How would you describe your sound?
In general, stripped down, three-chord percussive acoustic blues/country/folk. But I will veer off and experiment with whatever sound fits a song or just out of curiosity.
If you could open for any musician/band, who would it be?
Kris Kristofferson. I love the atmosphere at his shows and how his audiences engage with his music. Cindy Lee Berryhill would also be great to open for.
What does making music mean to you? What got you into it/keeps you continuing?
Music has always fascinated me and brought me endless pleasure and when I first saw The Rolling Stones on TV, I instantly began creating songs, just words I would sing into a cassette recorder, but I had to be involved with that in some way. It is one of the absolute best things in life.
How do you keep yourself motivated and inspired?
There is still suffering and conflict and loss in the world, pain and grief, ignorance and intolerance. And that’s just MY Saturday. Music and creativity bring peace, healing and celebration to me personally on a daily basis. And every now and then someone will share their appreciation for something I created. No matter how much loss and disappointment I've experienced I see no point in giving up on the highest ideals and personal enjoyment as long as I'm alive, music and creativity offer something towards that.
Which song of yours was the most fun to write & make?
Fun question. Every song has its own creation story that I enjoy recalling. The one that jumps to mind in this instant is “Oh, my my.” Just over a year ago I wrote Neil Young to thank him for and ask a question about the first time I had heard his music and he actually responded! It really brought that initial moment and feeling back to me very intensely. And I found myself just pouring out that experience and energy into words and then a theme started to show itself, the power of rock and roll, spanning rock history from Danny and The Juniors to Kurt Cobain all pointing back to Neil’s song “My my, Hey hey.” This also opened up yet another theme.... suicide. Not a very cheerful subject of course, but it was a subject I was oddly familiar with at an early age, not people I knew personally, but I just heard about it a lot and of course anything can seem normal at age 7, but I see how unusual that was now. It was incredibly satisfying to approach the process irrationally and have it send me back something that has all these layers of meaning to me personally, tied together to very different and important experiences in my life while also reflecting things in our culture. I should probably send Neil another message of thanks.
What is your creative process like? Is it more organized & session based or more sporadic and fleeting?
More sporadic. The general process though is that something will affect me, and then I will have a basic idea and a key word or phrase which will bring some sort of physical sensation that gives me a sense of the rhythm. Then I enjoy taking walks and finding the rest of the words for verses and choruses. For “Mockingbird”, I walked a trail in the Rockies, which was beautiful but also very demanding. It required calculated thinking at times and allowed, or encouraged really, non-linear thinking at other times. It was so great for the writing process.........and the trail even served as a metaphor. It should probably get a writing credit.

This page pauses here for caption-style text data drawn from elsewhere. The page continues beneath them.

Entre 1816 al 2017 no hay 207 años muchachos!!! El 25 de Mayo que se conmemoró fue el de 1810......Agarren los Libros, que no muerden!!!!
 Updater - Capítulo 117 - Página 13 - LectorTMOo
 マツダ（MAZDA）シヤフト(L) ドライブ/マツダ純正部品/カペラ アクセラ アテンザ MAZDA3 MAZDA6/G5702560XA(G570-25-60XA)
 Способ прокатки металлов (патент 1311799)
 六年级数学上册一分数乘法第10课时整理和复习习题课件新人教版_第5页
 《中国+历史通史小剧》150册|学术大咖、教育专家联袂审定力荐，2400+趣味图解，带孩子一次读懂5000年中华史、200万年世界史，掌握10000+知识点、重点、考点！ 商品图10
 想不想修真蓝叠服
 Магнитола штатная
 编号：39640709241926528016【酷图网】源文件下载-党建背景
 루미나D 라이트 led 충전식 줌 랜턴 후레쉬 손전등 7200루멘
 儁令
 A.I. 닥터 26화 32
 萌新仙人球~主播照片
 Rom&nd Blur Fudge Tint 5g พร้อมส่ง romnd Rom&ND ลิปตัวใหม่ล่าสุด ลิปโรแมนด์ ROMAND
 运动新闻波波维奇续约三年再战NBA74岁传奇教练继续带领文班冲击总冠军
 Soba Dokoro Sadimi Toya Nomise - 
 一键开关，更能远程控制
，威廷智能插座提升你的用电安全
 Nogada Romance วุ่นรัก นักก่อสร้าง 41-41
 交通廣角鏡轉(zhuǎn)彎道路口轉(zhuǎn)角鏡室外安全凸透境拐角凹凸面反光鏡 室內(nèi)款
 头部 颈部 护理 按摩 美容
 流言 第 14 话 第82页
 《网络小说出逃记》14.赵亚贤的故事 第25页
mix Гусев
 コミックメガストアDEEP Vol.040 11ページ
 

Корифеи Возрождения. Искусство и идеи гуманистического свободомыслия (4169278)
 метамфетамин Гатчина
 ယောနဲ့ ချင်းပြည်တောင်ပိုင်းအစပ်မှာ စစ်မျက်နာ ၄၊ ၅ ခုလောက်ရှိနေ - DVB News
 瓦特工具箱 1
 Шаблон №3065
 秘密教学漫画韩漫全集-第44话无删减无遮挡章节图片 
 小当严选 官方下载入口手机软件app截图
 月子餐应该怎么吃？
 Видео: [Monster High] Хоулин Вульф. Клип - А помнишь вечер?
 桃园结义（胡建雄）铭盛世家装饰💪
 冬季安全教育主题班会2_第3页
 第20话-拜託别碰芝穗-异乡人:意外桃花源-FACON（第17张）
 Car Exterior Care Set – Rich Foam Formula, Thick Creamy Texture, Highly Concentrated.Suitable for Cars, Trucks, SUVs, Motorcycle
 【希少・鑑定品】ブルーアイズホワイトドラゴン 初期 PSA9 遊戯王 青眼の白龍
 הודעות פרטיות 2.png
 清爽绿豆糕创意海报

What is your current big goal? What does the future hold/what are you working towards right now?
I would really love to get back to some live performances next year, maybe in spring at coffeehouses, if I can find any. I’m also having a lot of fun lately revisiting, organizing and appreciating the stuff I did years ago with my friend Jack and our band. Always got my mind on whenever I might get back to Milwaukee and we can create some more. I also have a couple friends who left behind parts of songs with hopes I might find a way to complete them which I feel very honored to be trusted with and hope to finish those songs soon. And I am always enjoying inspiration and playing around with some new stuff of my own, following that wherever it takes me.
Thanks so much to you and everyone at Yarn Bomb for the great things you are doing to support the creative spirit.